Regisseurin Klaue inszeniert mit ungerührtem Blick, der die von Steffi Kühnert gespielte Lehrerin nicht auffängt, aber auch nicht verrät. „Mit der Faust in die Welt schlagen“ hält viel aus in seinem Gestus der Unmittelbarkeit (Kamera: Florian Brückner) und mutet dem Publikum damit einiges zu.
Die Lehrerin ist ein Beispiel für den Verlust von Autorität nach dem Ende der DDR. Sie beherrscht noch ein paar alte Gesten, so wie in den Kinderkörpern mit akkurat verschränkten Armen ein Rest der Disziplin steckt, die das repressive Regime früher verordnen konnte. Das Vakuum an Stabilität und Orientierung füllen nun andere. Neonazis.

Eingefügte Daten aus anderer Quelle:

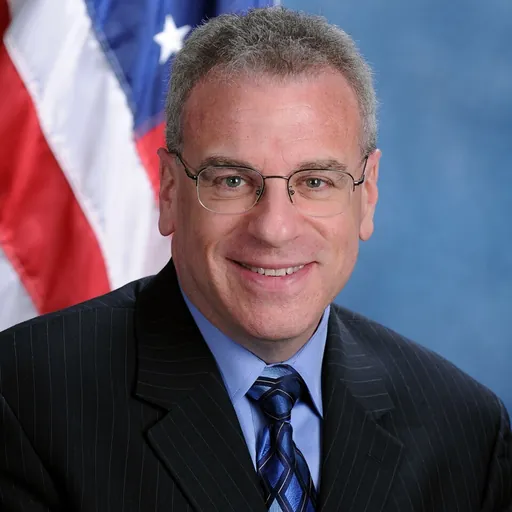 Portrait of Jeffrey Dinowitz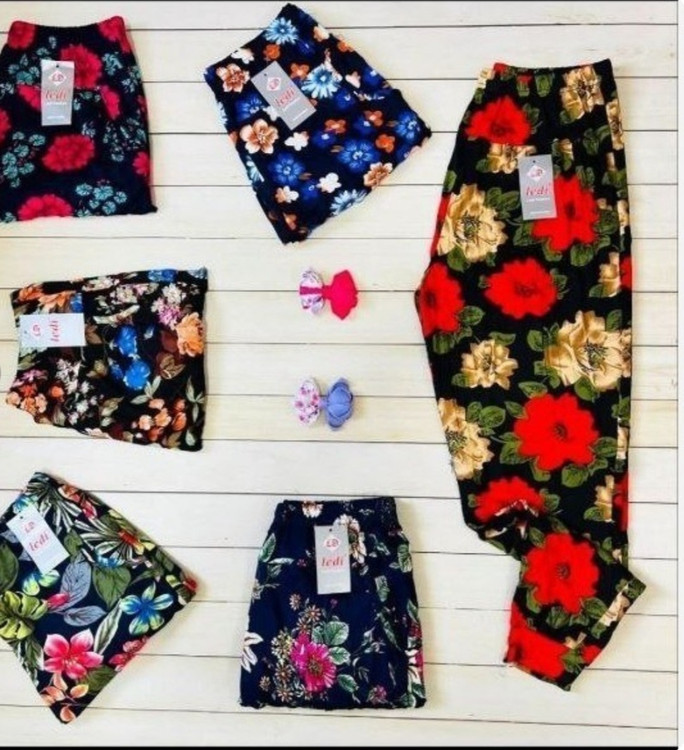 شلوار زنانه وارداتی جیب دار قواره دار طرح گل کد ۲۴۹ - نمای جلو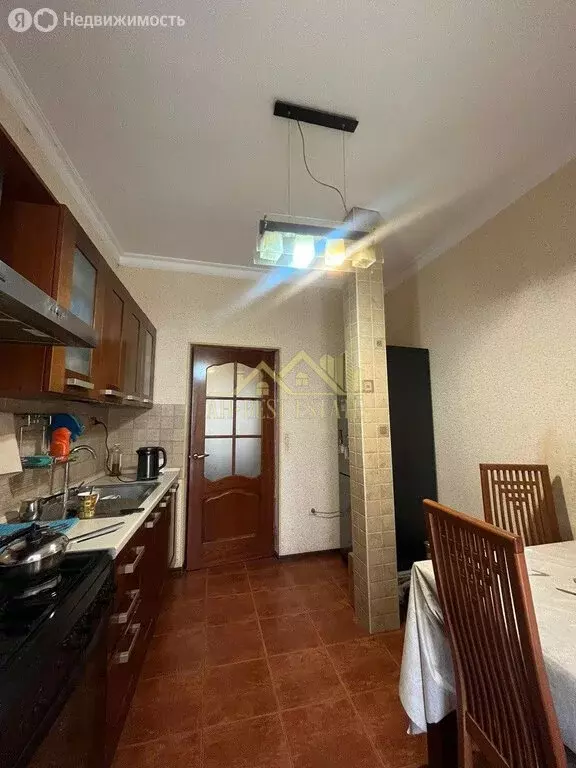 3-комнатная квартира: Владикавказ, улица Маркуса, 2 (100 м) - Фото 2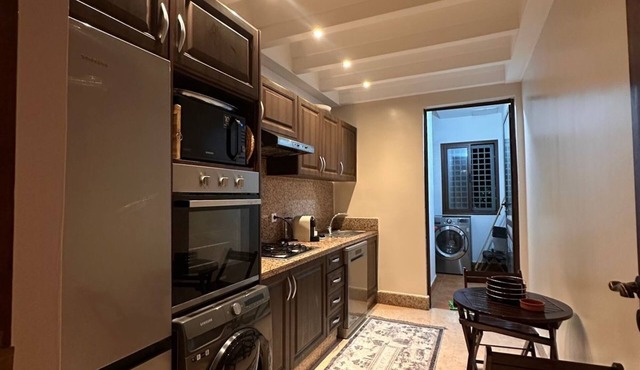 Marrakech Oasis 2-bedroom apartment with direct garden and pool access with AC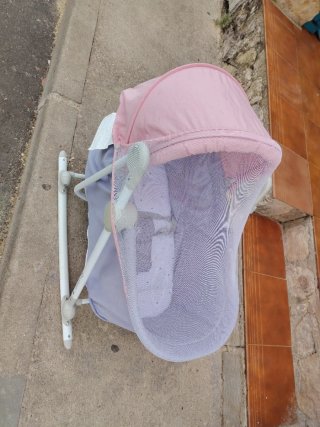 Minicuna Kinderkraft con capota rosa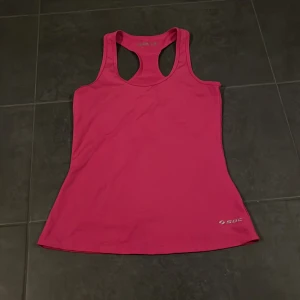 Rosa träningslinne från SOC - Säljer ett snyggt rosa träningslinne från SOC i storlek 36. Perfekt för gymmet eller löprundan. Linnet är ärmlöst med en bekväm passform och har en sportig design. Materialet är mjukt och andas bra, vilket gör det idealiskt för träning.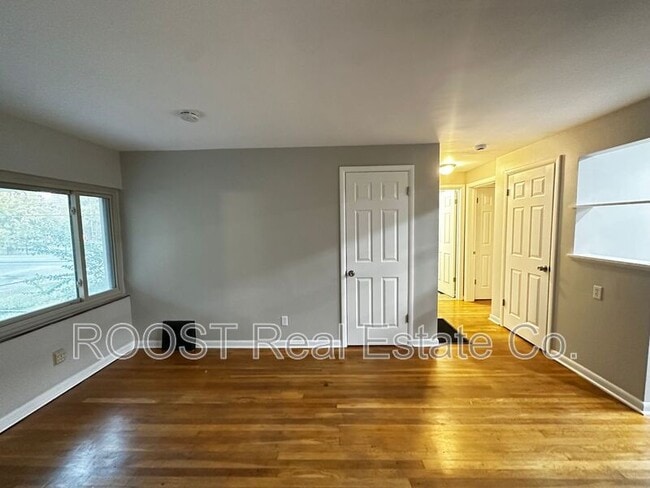 Building Photo - 1545 Garling Ave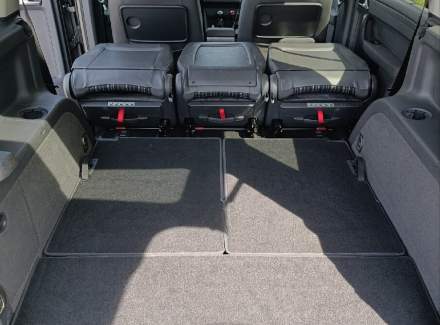 Volkswagen - Touran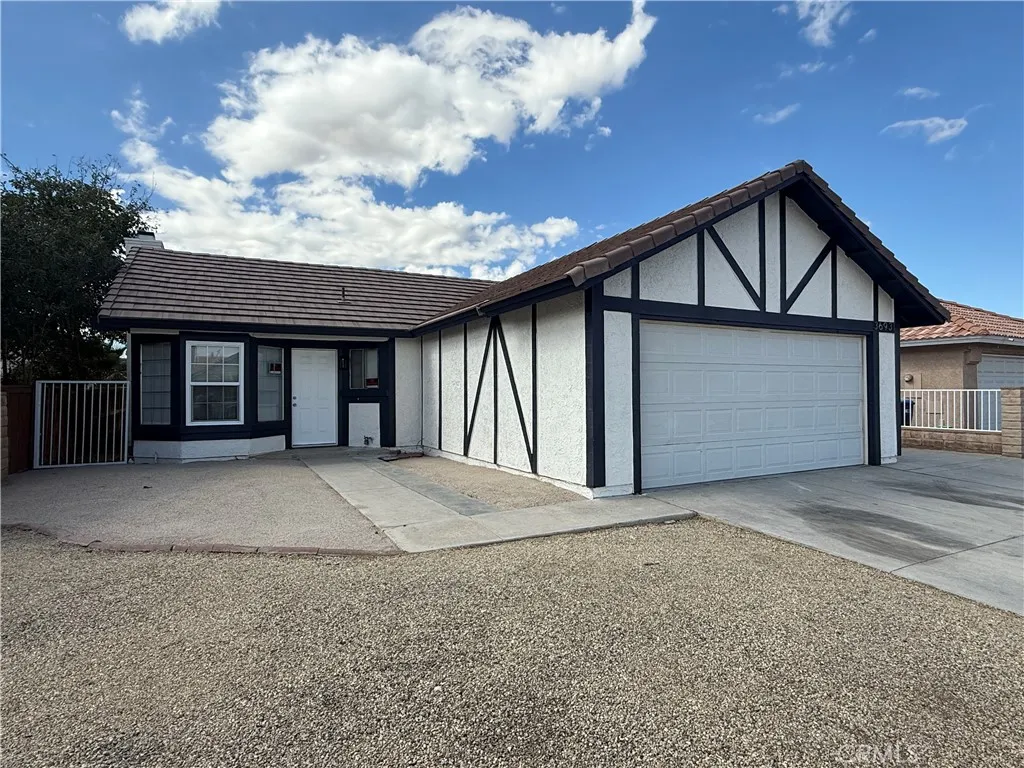 36931 Charter, Palmdale, California 93552 home-pic-0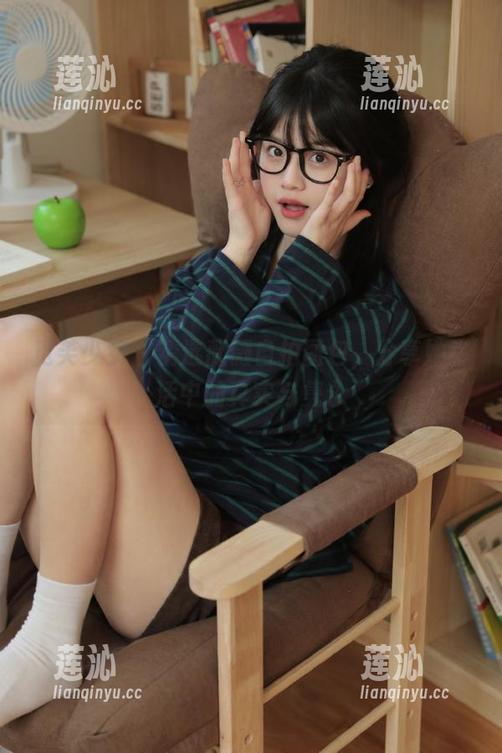 觅芙少女 - 精选薇薇自拍图包，分享她生活中的真实与隽永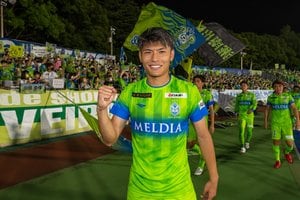 【湘南ベルマーレ・町野修斗インタビュー】「E-1選手権得点王」はサッカー日本代表のレベルの高さに“衝撃”も「左右両足と頭のどこからでも点が取れるところを見せることができた」【欧州遠征直前】(#1）の画像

„Mit der Faust in die Welt schlagen ist“ ein präzises Gesellschaftsportrait, gerade weil nicht alles erklärt werden soll; fast auch das bessere Andreas-Dresen-Kino, weil nichts versöhnt werden muss. Das Szenenbild von Uli Friedrichs und Michael Schindlmeier und Sophie Friedrichs’ Kostüm setzen die Nullerjahre unaufdringlich, aber treffend ins Bild, die Musik von PC Nackt hackt manchmal nur auf zwei Tönen rum wie auf verzweifelter Suche nach Harmonie und Takt, die hier nicht sind.
Der Busfahrer macht Judenwitze
Der Film erzählt elliptisch und geschickt nebenher – das vordergründige Mimi-Theater fördert etwa zutage, dass die Mutter des Jungen als Arbeitsmigrantin in Stuttgart lebt. Der Schulbusfahrer macht Judenwitze, an denen sich niemand stört.
Beim Kaffeetrinken mit den Nachbarn geht es um Menorca und Mallorca, was Opa (Hilmar Eichhorn) schlecht versteht, und Oma (Swetlana Schönfelder) erklärt, dass für die Zschornacks der Urlaub ausfallen muss, solange das Einfamilienhaus nicht fertig wird.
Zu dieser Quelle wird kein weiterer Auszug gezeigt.